** PROBLEM DETAILS **
In the records below, tally each line that contains the word "Bagian" and give the total only.
▽
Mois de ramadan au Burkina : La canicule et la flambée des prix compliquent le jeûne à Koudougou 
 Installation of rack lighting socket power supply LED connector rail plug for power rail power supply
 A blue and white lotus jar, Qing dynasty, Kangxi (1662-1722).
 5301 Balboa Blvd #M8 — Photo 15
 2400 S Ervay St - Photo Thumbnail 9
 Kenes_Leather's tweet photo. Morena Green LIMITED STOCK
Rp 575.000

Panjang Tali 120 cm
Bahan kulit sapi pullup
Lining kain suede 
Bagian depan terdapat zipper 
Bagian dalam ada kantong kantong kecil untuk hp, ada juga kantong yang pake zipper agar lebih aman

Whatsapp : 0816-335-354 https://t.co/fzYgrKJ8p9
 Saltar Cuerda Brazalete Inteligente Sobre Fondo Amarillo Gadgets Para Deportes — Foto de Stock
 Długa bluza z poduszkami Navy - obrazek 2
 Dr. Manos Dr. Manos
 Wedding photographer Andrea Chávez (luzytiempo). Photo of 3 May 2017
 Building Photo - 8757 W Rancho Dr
△
** ANSWER TO THIS EXERCISE **
2